**Goal of the exercise:**
Repeat the span of the entries below that starts at the line with "a dining room" and ends at the line with "bunch of smoked fish in handの写真素材", nothing more. Skip the pictures.

**Input data:**
######
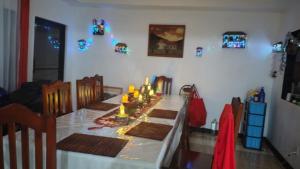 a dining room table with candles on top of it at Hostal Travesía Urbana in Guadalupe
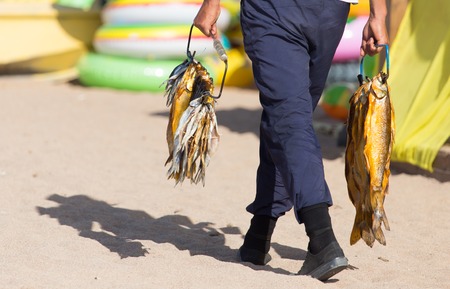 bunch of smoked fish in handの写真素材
######
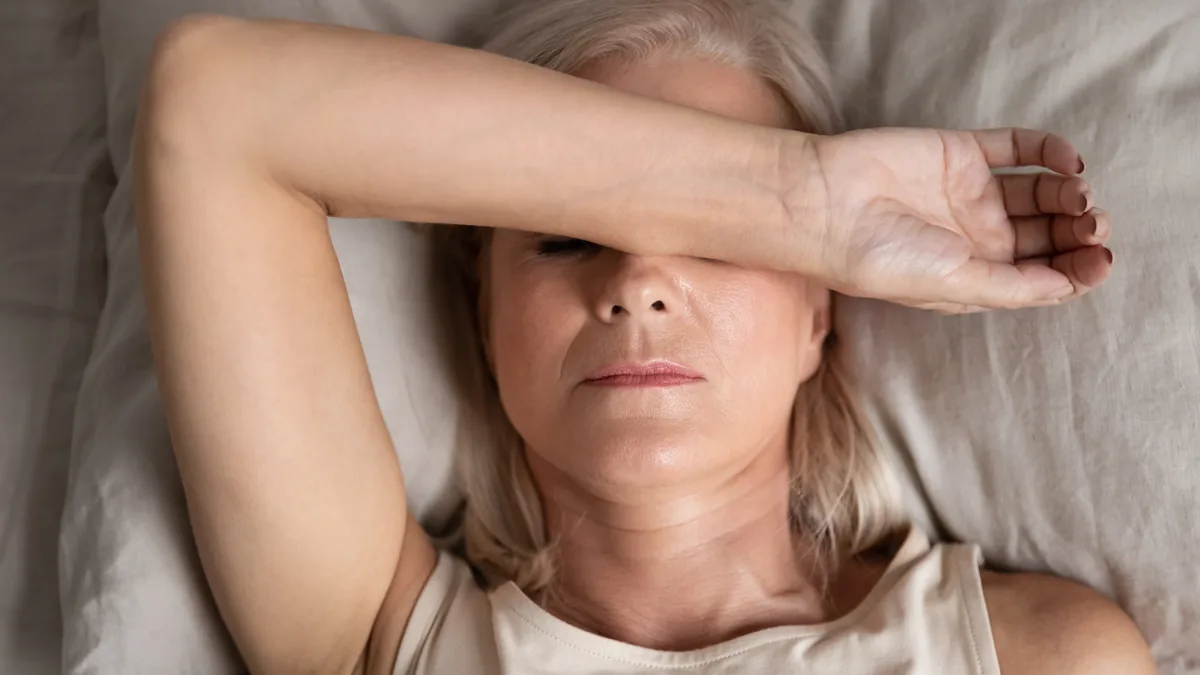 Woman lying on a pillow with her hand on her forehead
######
**Response below:**
 a dining room table with candles on top of it at Hostal Travesía Urbana in Guadalupe
 bunch of smoked fish in handの写真素材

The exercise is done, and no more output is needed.